Today I noticed yet another sign that this disturbing trend is trending along. The New York Times Green Blog, which was created in 2010 to cover environmental issues, is being discontinued. On March 1, this post appeared—
The Times is discontinuing the Green blog, which was created to track environmental and energy news and to foster lively discussion of developments in both areas. This change will allow us to direct production resources to other online projects. But we’ll forge ahead with our aggressive reporting on environmental and energy topics, including climate change, land use, threatened ecosystems, government policy, the fossil fuel industries, the growing renewables sector and consumer choices.
Thanks to all of our readers.
On that same day, additional information was released.
We’re moving, but we’ll only be a mouse-click away.
Please watch for environmental policy news on the Caucus blog and energy technology news on the Bits blog.
You can also follow many of us on Twitter: [list of blogger Twitter accounts]
Please note that the Causus blog is a run-of-the-mill political blog where enviromental issues will be lost in the shuffle of the usual partisan bickering, dysfunction and corruption. The Bits blog is a standard business technology blog, and thus we see that energy technology has been lumped together with cell phones, Facebook, iPads, robots, missions to Mars, and other stuff which consumes energy, but does not produce it.
On March 6, there was an addendum.
As we wind down this blog, readers have asked how best to follow The Times’s ongoing coverage of the environment.
Articles we publish on the subject will appear online on our environment page and in our Twitter feed for environment stories, @nytenvironment. Our colleague in Op-Ed, Andrew Revkin, has created a list of the Twitter accounts of former Green blog contributors called “Green Blog Voices.” Mr.
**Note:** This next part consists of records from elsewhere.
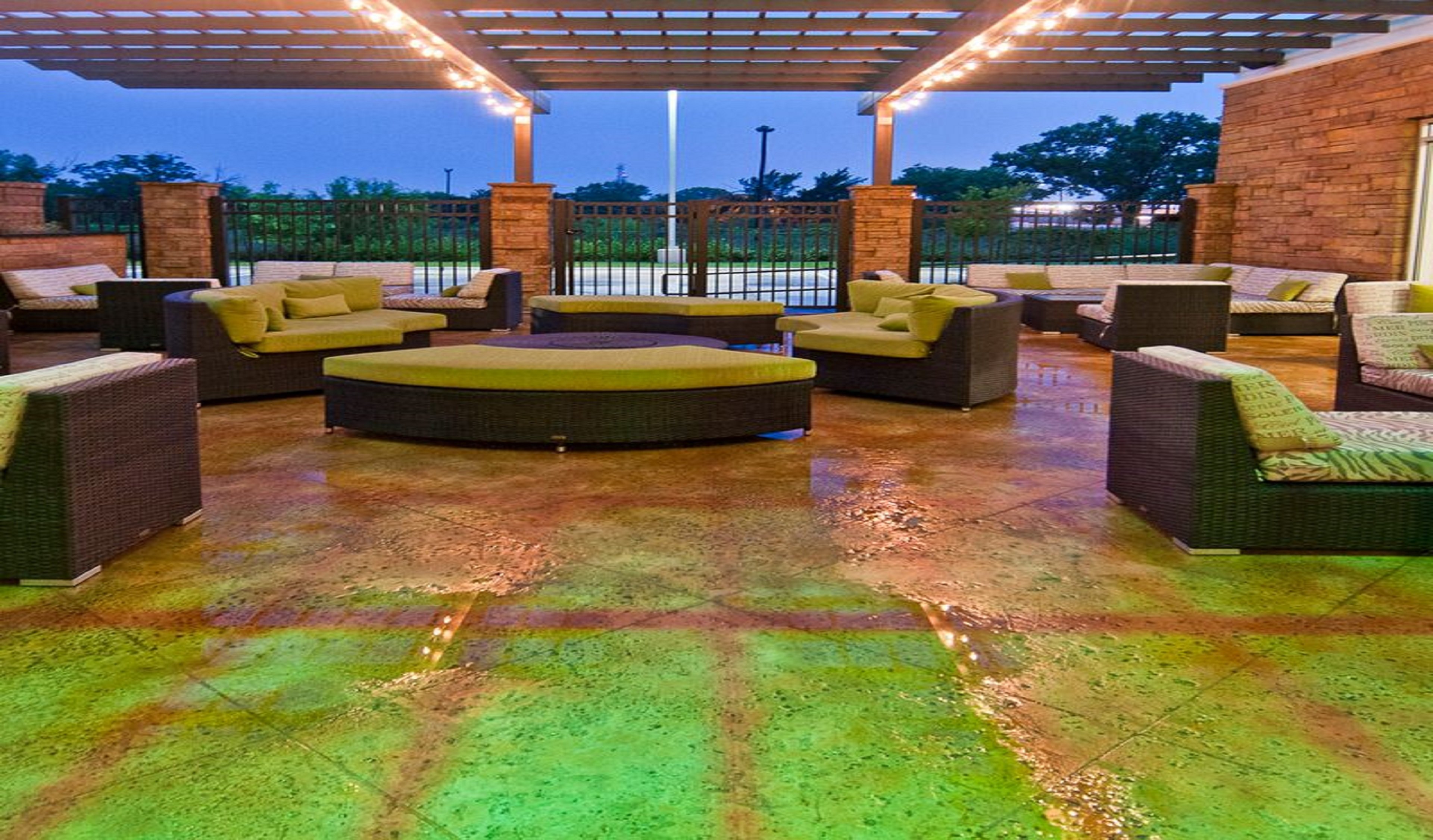holiday inn austin airport by ihg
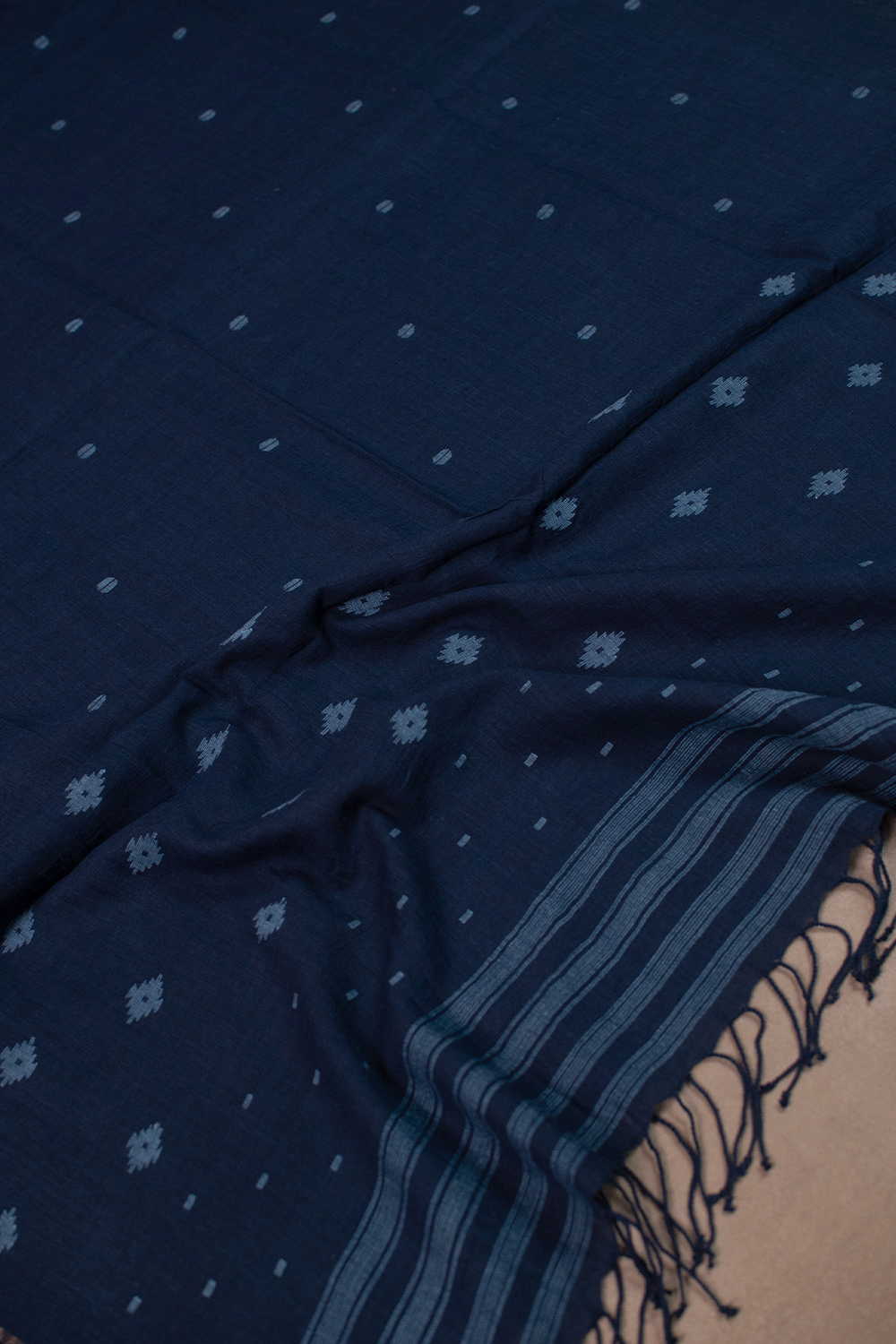 Shade of Indigo Jamdani Cotton Dupatta - Image 3
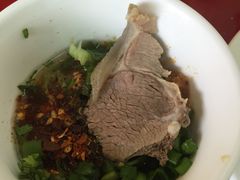 -老石黑山羊毛驴肉火锅(金凯广场店)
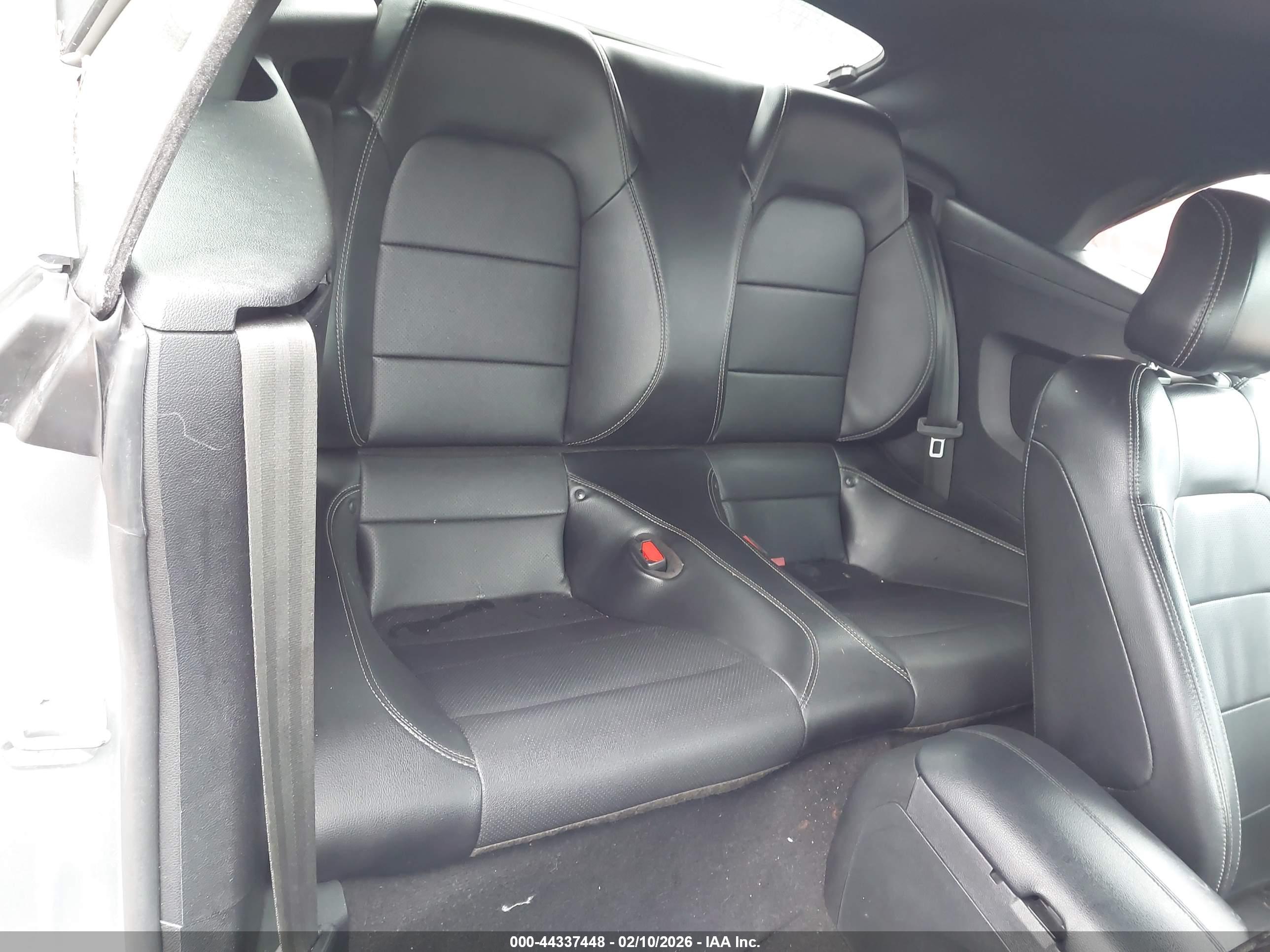 FORD MUSTANG image 8
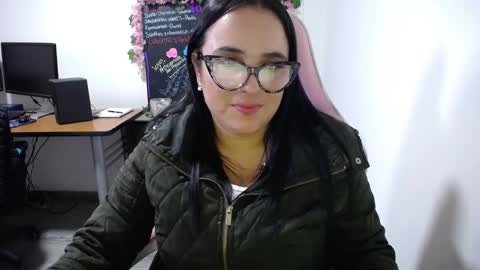 Snapshot of emma_evans07 chatting on 30, 1, 2025 emmy online show from 30, 1, 2025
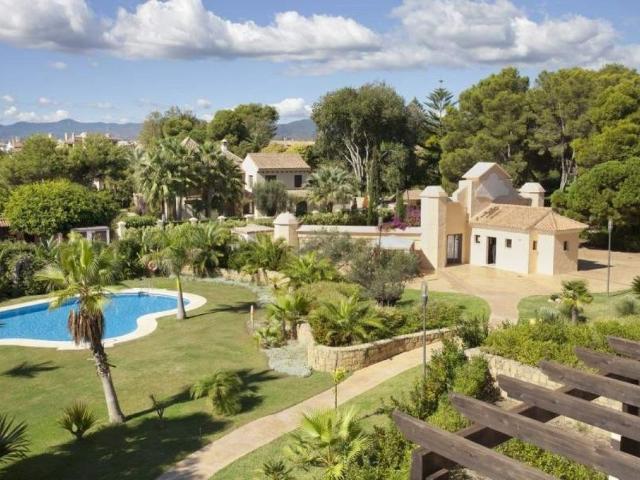 Piso exclusivo de 248 m2 en venta en Puerto Banús, España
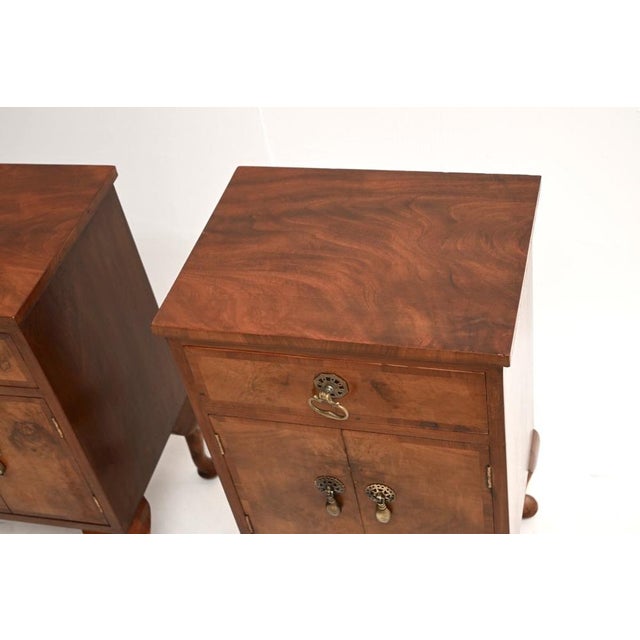 Vintage Burr Walnut Bedside Cabinets, 1930, Set of 2 For Sale - Image 6 of 11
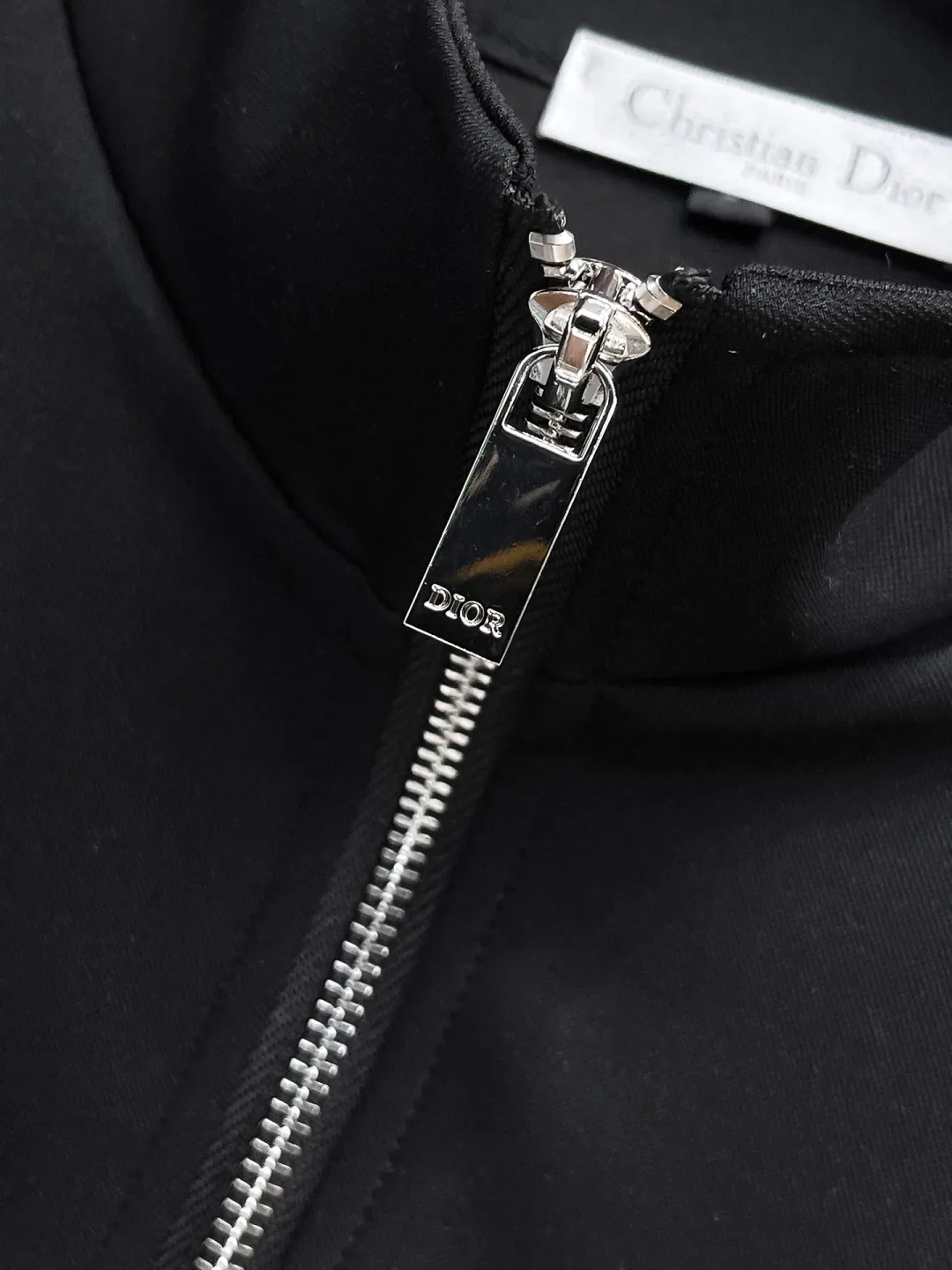 🅿️720 Dior 2025 autumn and winter new counter casual suit of the same style, breathable, comfortable and casual! Full of high-end feel! The details are exquisite and high-end, and the workmanship is impeccable! The original high-end fabric is very high-end! The fabric is crisp, anti-wrinkle and wear-resistant, warm, neat and stylish. Everyone must buy a set this autumn and winter. They must look cool and cool when wearing it. We especially recommend the size M-3XLC30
Revkin’s own blog, DotEarth, remains a source for perspective on environmental concerns.
Coverage of the environment, energy and climate change will continue across a variety of desks and platforms at The Times, including Science, National and Business Day.
In short, with the exception of Revkin's DotEarth blog—Revkin is in Op-Ed—New York Times coverage of the environment has been scaled back considerably. If you want to be alerted that a story has been published, you need to follow the former Green bloggers on Twitter.
You may say that this was not a big loss, and in the big scheme of things, it is not. However, all these little losses add up. And when you add up all these small losses, by the time you get to 2020—to pick a future date—there will be literally nothing left to lose.
That's why I have stepped up my environmental coverage on DOTE.
And the meaning of it all?
It means the humans are giving up, which was a foreseeable event. The signal is getting clearer and clearer with each passing day — the message we are meant to get says Fuck The Earth, as humans plow full-speed ahead with their growth plans in the years to come.
Do you know why I quit hiking in the Rockies when I lived in Colorado? Well, one reason was that there was no place to park at the trailhead.
I think you are absolutely correct. Given a choice between 'exciting' GDP growth hopium or 'depressing' environmental news, people want the former. I believe even folks that don't have the intellectual understanding that perpetual growth can't go on forever on a finite earth have a queasy sense that something wrong is going on. They may not grasp all of it, but they sense they're screwed and tune out the bad news.